Economically, US can talk a good game
Southern China, at this moment, is crawling with the great and the good from American business and academic finance.
Edmund Phelps, winner of a Nobel Prize for economics, is in Shenzhen to advise officials on how to develop international expertise and expand the nation's talent pool. Former US Treasury secretary Robert Rubin gave a talk at the JW Marriott in Hong Kong last night on the perils facing the US and global economies.
Meanwhile, John Nash, the mathematician who won a Nobel Prize for economics for his work in game theory, is in town again, for the umpteenth time. Indeed, since the release of the Hollywood blockbuster A Beautiful Mind, Professor Nash seems to have made junket trips to the city an annual ritual.
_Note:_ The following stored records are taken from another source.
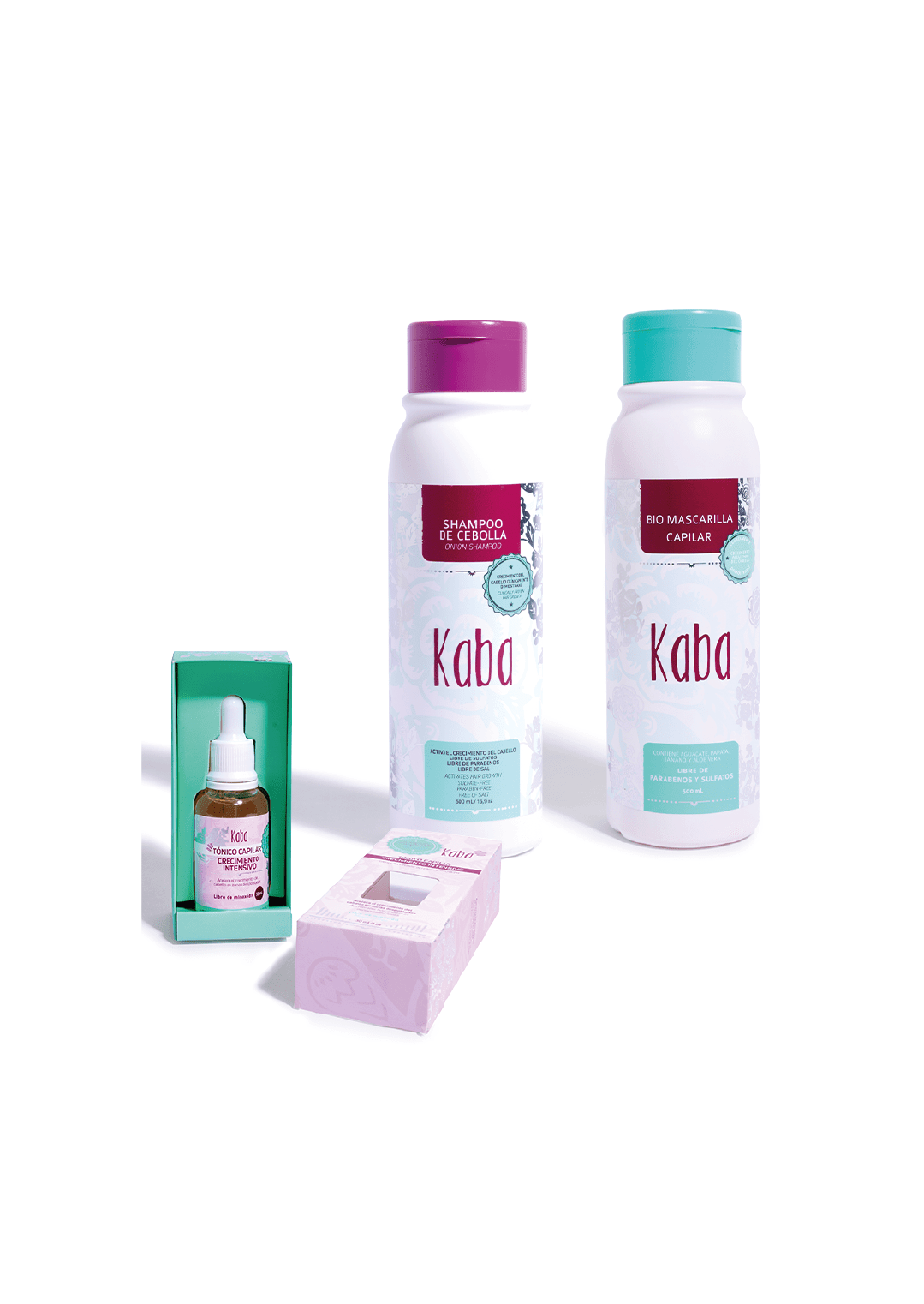 Kit Clínicamente Demostrado Kaba (3 PRODUCTOS)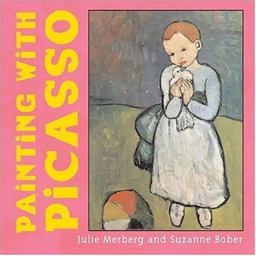 Painting with Picasso  9780811855051 Front Cover
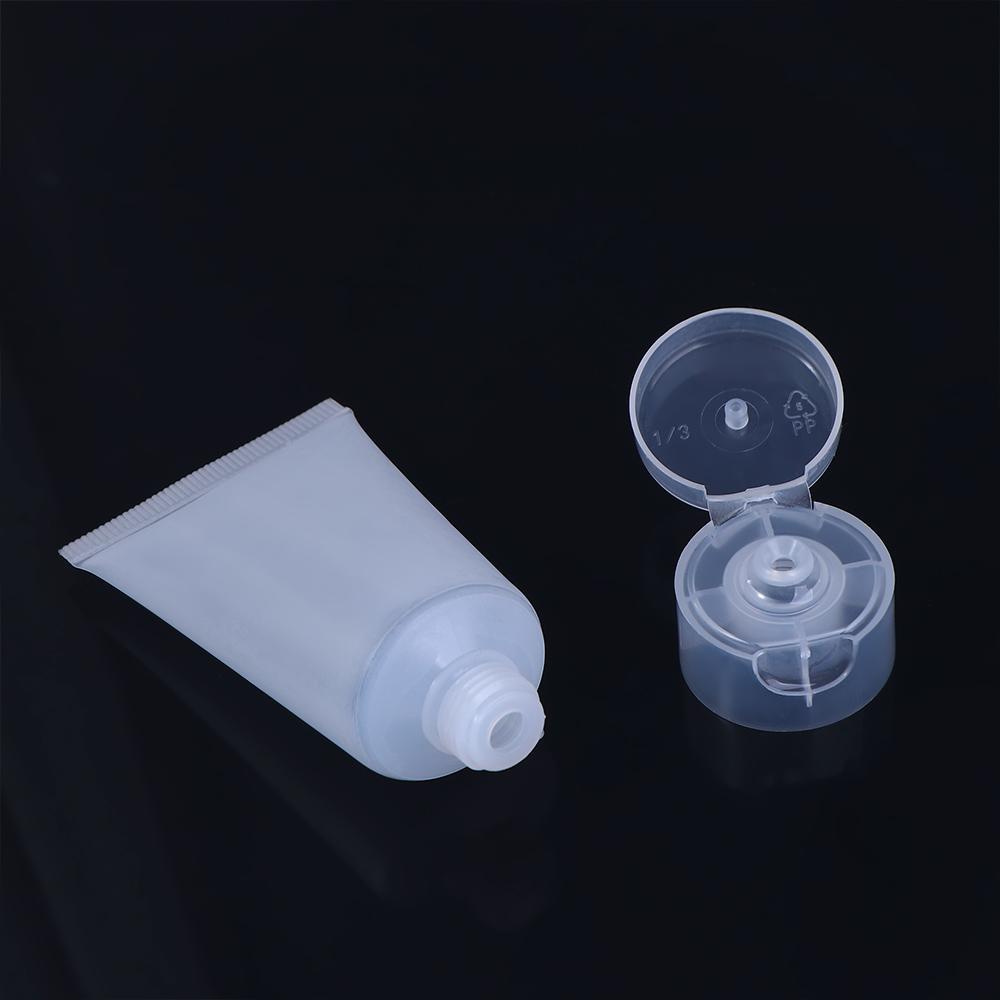 Organizers Plastic Squeeze Tubes Empty Bottle Refillable Bottles Makeup Container Travel Bottle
Another Nobel laureate, Michael Spence, was in Hong Kong last month helping to run the Fung Global Institute, a think tank.
Little wonder. Chinese love to roll out the red carpet, offer first-class tickets and book six-star hotels for such wise men ever so ready to share their wisdom with people from still developing economies.
It does seem a bit strange. Spence and Phelps are expert theoreticians in economic growth, while China actually delivered double-digit growth, year after year, for more than two decades.
Rubin was a senior adviser to Citigroup while it came crashing down and had to be bailed out repeatedly during the financial crisis. As treasury chief, he also presided over financial deregulation widely blamed for triggering the crisis.
The US economy is in the doldrums, but come rain or shine, America is never short of financial gurus. How's that for soft power?